Life

Leona O'Neill: the Good Friday Agreement gave us and our children a brighter future

Twenty-four years on from the Good Friday Agreement, we need to remember why we voted 'Yes' and keep building on its foundations. We must not allow our children's futures to be jeopardised by those who want to rip the Agreement up, writes Leona O'Neill...

TWENTY-four years ago on Sunday most of us here in Northern Ireland voted in the Good Friday Agreement.

Those of us old enough to vote then were also old enough to remember why we were voting. We had real lived experience of what we were voting against – war and hatred and violence and needless death. We knew what we were doing was important.

My parents were voting for a different life for me, I was voting for a different life for me and my future children, one not lived in the shadow of ceaseless violence.

I remember when I was 18-years-old, sitting in front of the television with my father watching the news. It was the week of the Shankill Bomb and the Greysteel shootings and my father was just broken by what was happening, as were all in this place. He had previously been hopeful, always thought that one day things would change. But that day he said to me that he didn't think he would ever see peace in his lifetime, and maybe not even in mine. He said things had gone so far that there was no way there would ever be agreement between the two sides. It was hopeless.

And it frightened me at 18-years-old. That this was our lot, forever. That hatred and bombs and the shooting dead of people on their doorsteps, or outside church or on a night out was all we could ever expect from this life in this place. That human life was cheap here and those you loved could be snatched away from you just for being in the wrong place at the wrong time.

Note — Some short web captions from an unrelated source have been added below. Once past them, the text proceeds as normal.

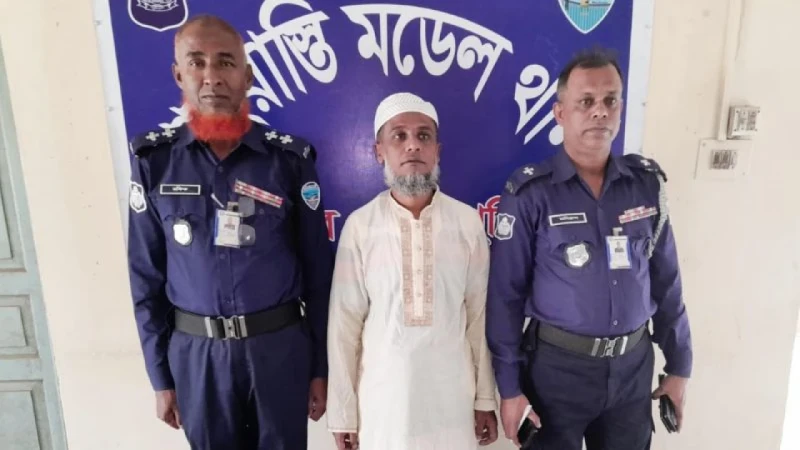 চাঁদপুরের শাহরাস্তিতে গুজব ছড়ানোর অভিযোগে টেলিগ্রাম–ফেসবুক পেজের এডমিন আটক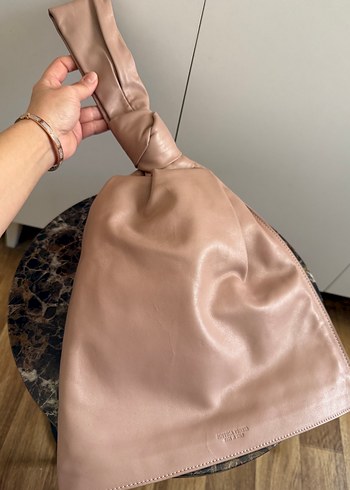 Bottega Veneta ürünü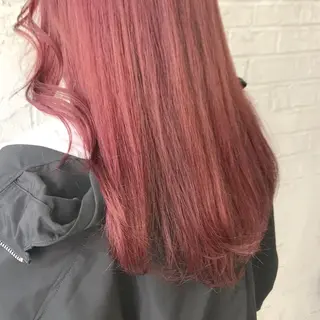 ロング カラー オリーブ/アッシュ やわらか透明感カラーのヘアスタイル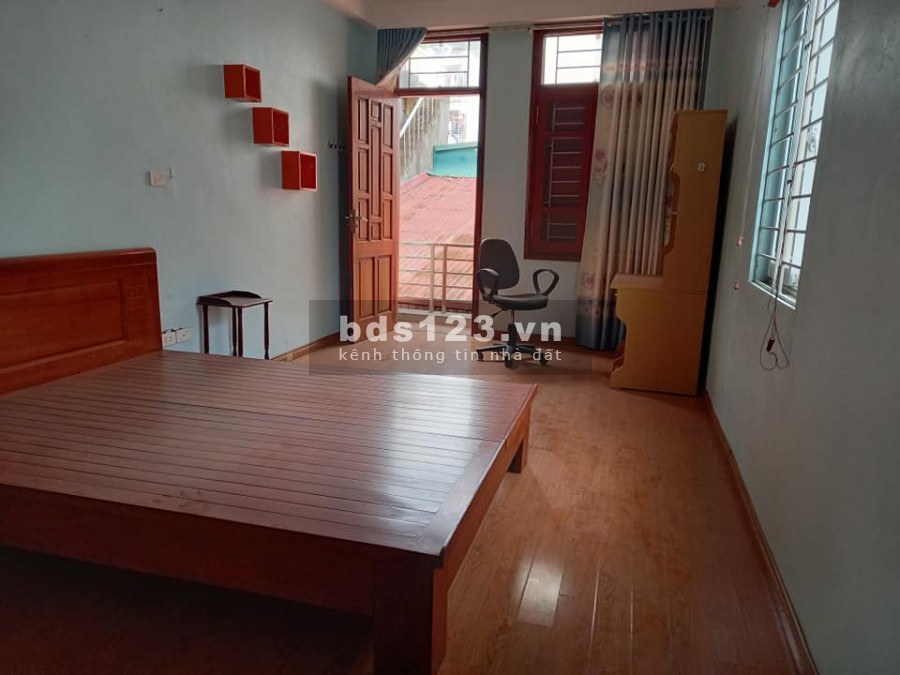 Bán nhà Bùi Xương Trạch, Thanh Xuân, Hà Nội, 42m2 x 5 tầng, giá 3,7 tỷ.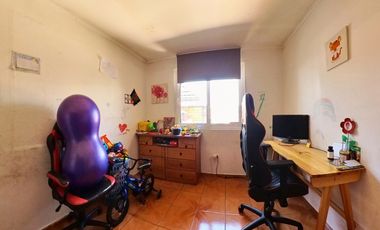 Casa en venta c/ estacionamiento en La Granja Sur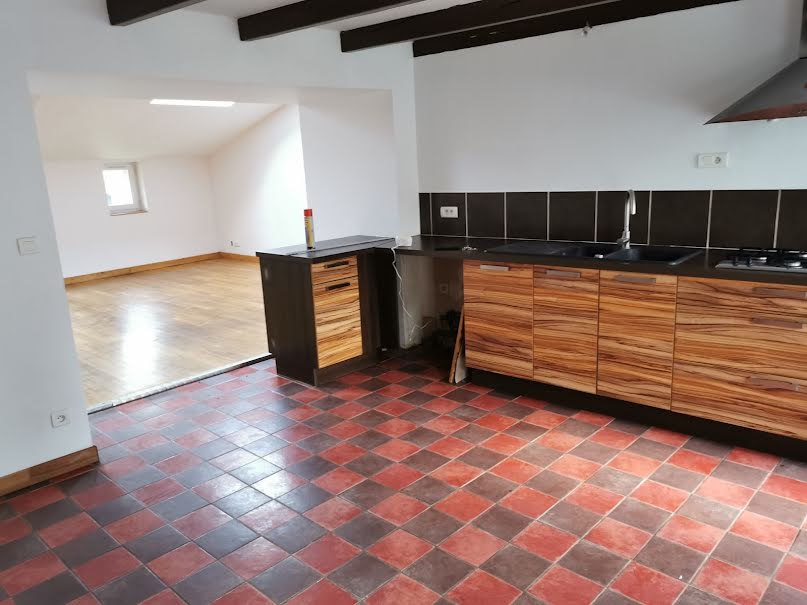 Vente maison 3 pièces  à Queaux (86150), 90 800 €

Just five years later in 1998, I was glued to my television set in my rented house on the Falls Road in Belfast. I was a young reporter. Beside me on the sofa was my then boyfriend, now husband and father of our four children.

Before we even dared to dream that the Good Friday Agreement would afford us peace we were arranging to go to America and build a new life away from this Godforsaken place. We had both seen far too much at that stage. We ourselves had had enough and we weren't going to subject our future children to the same. Before the Good Friday Agreement we felt hope was completely out of our reach.

But things did change. The peace that my father thought he would never see came to pass. After all we had been through, all the murder, the mayhem and madness, we dared to hope. We were almost scared to hope.

We knew nothing of peace, it felt alien to us, we almost wanted things to stay the same because it was all we knew. We were stepping into the unknown. But we did it – some more reluctantly than others – because what we were leaving behind were horrors we did not want to live through again. Our jails and our graveyards were full of people who needn't be there.

Some people voted yes even though it meant those who took their loved ones lives would walk free. It was a heavy price to pay for peace. Everyone was battle weary. Things had to change.

When I hear people talk about ripping up the Good Friday Agreement now it saddens and infuriates me. How many of us are alive today because of the work that went into building solid foundations for peace here 24 years ago? How many of us were not caught up in city centre explosions, didn't die in gun attacks on bars, weren't shot on our doorsteps, abducted walking home and murdered, blown up by an undercar device? We will never know, because our peace, imperfect as it is, was hard fought for and won.

Twenty-four years on we need to embrace the spirit of the Good Friday Agreement and keep building on those foundations of peace, work together for all of our futures. We do not need to subject our children to the horrors and hatred of the past.